In attaching prices to episodes, we had to choose between using the actual prices paid by health plans and creating a standardized price across all plans. Conceptually using standardized costs is using the standardized values to weight utilization in the same way for all physicians. Since physicians do not normally negotiate their own prices this focuses the profiling on their actions rather than on differences in contractual features. We describe here the method for creating standardized prices.

In creating the standardized prices, we used the “allowed cost” field from the claims, which captures the total amount that can be reimbursed for a service including co-payments. We summed the allowed costs for each type of service (procedure, visit, service, drug) across health plans and divided by the number of services of that type to arrive at an average price.

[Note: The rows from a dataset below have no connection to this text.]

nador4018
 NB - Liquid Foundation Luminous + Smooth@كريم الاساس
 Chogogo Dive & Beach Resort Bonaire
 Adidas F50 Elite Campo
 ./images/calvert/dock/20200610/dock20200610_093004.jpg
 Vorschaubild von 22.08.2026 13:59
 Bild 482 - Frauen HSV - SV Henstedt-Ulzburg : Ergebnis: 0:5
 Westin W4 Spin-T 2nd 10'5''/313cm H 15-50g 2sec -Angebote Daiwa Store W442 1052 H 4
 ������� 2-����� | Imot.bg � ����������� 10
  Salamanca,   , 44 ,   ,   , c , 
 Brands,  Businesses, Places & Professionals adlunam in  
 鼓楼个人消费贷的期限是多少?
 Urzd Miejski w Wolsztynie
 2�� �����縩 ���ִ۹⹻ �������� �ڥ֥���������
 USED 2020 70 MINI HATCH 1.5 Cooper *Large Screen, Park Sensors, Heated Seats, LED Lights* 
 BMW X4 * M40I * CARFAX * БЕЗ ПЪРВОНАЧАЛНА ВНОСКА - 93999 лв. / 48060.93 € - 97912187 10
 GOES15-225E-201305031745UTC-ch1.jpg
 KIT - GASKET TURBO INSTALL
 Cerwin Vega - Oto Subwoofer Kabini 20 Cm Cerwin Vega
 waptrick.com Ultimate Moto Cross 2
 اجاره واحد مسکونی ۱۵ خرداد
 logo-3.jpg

Although each health plan paid for inpatient admissions based on DRGs, the four plans used different and incompatible systems so the standardized price applied to a hospitalization was the average lump sum reimbursementfor that DRG within a given health plan. Only facility reimbursements were included. A small fraction of hospitalizations were assigned more than one DRG. These hospitalizations were not included in the calculations of standardized prices and the standardized price we applied to these hospitalizations was for the DRG with the highest average price.

To account for likely data errors, we set all allowed costs below the 2.5th and above the 97.5th percentile of each service cost distribution to the values at those cutpoints, a process known as Winsorizing. We selected Winsorizing over other methods of dealing with outliers because our prior work found that was a superior method.(3)

We then created a standardized cost for an episode by multiplying the number of units of each service delivered by the standardized price for that service. We Winsorized the standardized cost for each episode by setting total costs falling below the 2.5th and above the 97.5th percentile distribution to the values at those cutpoints. We refer to the resulting total cost of an episode as the observed cost.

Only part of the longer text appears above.